WHAT THE TASK ASKS → Only the lines from the line containing "Large Capacity Transparent" to the end of the records, both included, belong in the answer, copied exactly.

DATASET RECORDS →
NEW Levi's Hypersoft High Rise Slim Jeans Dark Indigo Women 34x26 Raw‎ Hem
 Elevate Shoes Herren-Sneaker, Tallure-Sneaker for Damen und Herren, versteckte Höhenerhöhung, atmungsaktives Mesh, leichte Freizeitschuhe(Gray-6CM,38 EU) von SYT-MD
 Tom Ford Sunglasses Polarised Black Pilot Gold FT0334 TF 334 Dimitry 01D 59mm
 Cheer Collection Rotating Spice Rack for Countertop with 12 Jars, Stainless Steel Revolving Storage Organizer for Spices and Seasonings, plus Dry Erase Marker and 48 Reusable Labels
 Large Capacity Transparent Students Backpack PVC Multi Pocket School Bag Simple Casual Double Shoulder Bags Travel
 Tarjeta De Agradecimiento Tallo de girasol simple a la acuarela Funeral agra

RESPONSE →
 Large Capacity Transparent Students Backpack PVC Multi Pocket School Bag Simple Casual Double Shoulder Bags Travel
 Tarjeta De Agradecimiento Tallo de girasol simple a la acuarela Funeral agra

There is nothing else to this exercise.